Aim of the task: The listing below contains a span that opens with the line containing "hasta el segundo tercio del siglo XI." and closes with the line containing "Mount Morris, NY Map of Theft Rates". Return that span exactly.

Data supplied:

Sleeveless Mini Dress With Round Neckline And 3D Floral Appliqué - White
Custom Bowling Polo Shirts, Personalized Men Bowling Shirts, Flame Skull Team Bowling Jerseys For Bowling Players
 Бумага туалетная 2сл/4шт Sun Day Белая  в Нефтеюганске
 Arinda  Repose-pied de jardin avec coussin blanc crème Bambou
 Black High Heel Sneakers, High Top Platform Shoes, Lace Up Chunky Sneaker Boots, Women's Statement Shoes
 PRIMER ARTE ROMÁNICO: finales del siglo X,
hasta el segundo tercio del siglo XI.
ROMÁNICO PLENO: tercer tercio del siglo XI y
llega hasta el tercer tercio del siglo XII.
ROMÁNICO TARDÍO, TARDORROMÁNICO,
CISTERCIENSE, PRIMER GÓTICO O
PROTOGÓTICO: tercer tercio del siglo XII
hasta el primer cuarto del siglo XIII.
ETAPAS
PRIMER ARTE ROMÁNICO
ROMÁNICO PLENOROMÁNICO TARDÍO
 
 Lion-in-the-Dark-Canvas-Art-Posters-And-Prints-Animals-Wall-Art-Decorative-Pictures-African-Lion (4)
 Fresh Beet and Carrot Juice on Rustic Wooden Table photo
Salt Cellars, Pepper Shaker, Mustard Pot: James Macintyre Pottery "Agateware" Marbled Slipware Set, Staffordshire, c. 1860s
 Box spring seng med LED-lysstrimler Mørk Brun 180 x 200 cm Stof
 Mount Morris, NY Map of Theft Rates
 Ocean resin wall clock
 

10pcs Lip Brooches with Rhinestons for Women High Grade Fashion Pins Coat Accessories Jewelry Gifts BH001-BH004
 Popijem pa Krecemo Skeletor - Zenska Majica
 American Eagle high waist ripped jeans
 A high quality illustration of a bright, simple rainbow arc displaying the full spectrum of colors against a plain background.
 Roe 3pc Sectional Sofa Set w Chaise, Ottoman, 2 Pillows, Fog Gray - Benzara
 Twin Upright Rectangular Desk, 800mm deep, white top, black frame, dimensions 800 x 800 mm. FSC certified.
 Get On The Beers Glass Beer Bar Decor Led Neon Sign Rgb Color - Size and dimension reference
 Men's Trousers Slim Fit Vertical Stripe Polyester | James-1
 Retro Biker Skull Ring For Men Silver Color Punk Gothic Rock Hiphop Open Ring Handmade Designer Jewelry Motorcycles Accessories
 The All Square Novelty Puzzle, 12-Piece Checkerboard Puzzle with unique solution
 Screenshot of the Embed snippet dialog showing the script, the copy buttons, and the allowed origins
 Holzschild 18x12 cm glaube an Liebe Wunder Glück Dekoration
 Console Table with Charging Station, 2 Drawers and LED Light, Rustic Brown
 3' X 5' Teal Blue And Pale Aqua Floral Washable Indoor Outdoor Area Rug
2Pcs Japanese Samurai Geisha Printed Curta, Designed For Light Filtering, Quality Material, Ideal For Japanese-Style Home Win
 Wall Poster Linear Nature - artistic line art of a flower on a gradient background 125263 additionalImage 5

Exercise solution:
hasta el segundo tercio del siglo XI.
ROMÁNICO PLENO: tercer tercio del siglo XI y
llega hasta el tercer tercio del siglo XII.
ROMÁNICO TARDÍO, TARDORROMÁNICO,
CISTERCIENSE, PRIMER GÓTICO O
PROTOGÓTICO: tercer tercio del siglo XII
hasta el primer cuarto del siglo XIII.
ETAPAS
PRIMER ARTE ROMÁNICO
ROMÁNICO PLENOROMÁNICO TARDÍO
 
 Lion-in-the-Dark-Canvas-Art-Posters-And-Prints-Animals-Wall-Art-Decorative-Pictures-African-Lion (4)
 Fresh Beet and Carrot Juice on Rustic Wooden Table photo
Salt Cellars, Pepper Shaker, Mustard Pot: James Macintyre Pottery "Agateware" Marbled Slipware Set, Staffordshire, c. 1860s
 Box spring seng med LED-lysstrimler Mørk Brun 180 x 200 cm Stof
 Mount Morris, NY Map of Theft Rates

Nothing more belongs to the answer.